He permits, eg, Uriah Heep to pronounce upon the hypocrisy of society's expecting the lower classes to be 'umble' about their position, while at the same time criticising them for affecting this humility. But nevertheless, Heep is unredeemably despicable throughout; as Sykes is unredeemably violent and cowardly; as Quilp is unreedemably malicious; as Ralph Nickleby is unredeemably vengeful etc.

Similarly, his lady characters are usually either perfect angels of Victorian femininity, targes, or fools. Rarely (ever?) a combination of qualities and weaknesses normally found in a real woman.

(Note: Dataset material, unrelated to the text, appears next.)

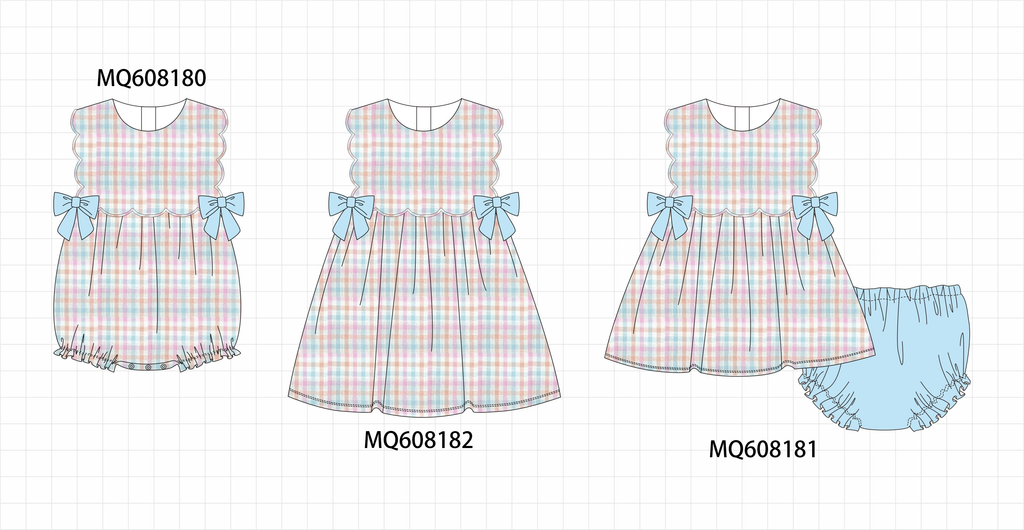 ETA MARCH 2026-po103 Multicolored gingham bow collection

It's impossible to imagine Trollope writing such flat monochromatic characters. But for that reason, Dickens has powerful images of fear, hate, melodrama - primary colours, I suppose, which are memorable and entertaining! And because Dickens is so successful at appealing to the sentimental popular feelings, he is also more moving, I think.

Whereas Trollope is subtle, shaded and to my mind more immediately identifiable as real, and relatable to. Few of his protagonists, male or female, are ever easily described as 'good' or 'bad'. They're just too multi-faceted; as likely to make a bad decision as a good one. And maybe that makes for a less satisfying pathway through a novel, where the signposts to moral rights and wrongs are a little more ambiguous.

My challenge with Trollope is usually along the lines of 'what would I have done'. He describes dilemmas and motivations so precisely and with such understanding, even as the author he rarely seems to judge what was rightly or wrongly done by his characters. Whereas one is never left in any doubt with Dickens as to how one is supposed to respond, or how one should feel in every situation.

I think you're right, too, about Dicken's being more about 'images'. Kind of Hogarth like, in that respect.

This has been a lovely thread. It's really helped me to identify and appreciate what I love about both Dickens and Trollope.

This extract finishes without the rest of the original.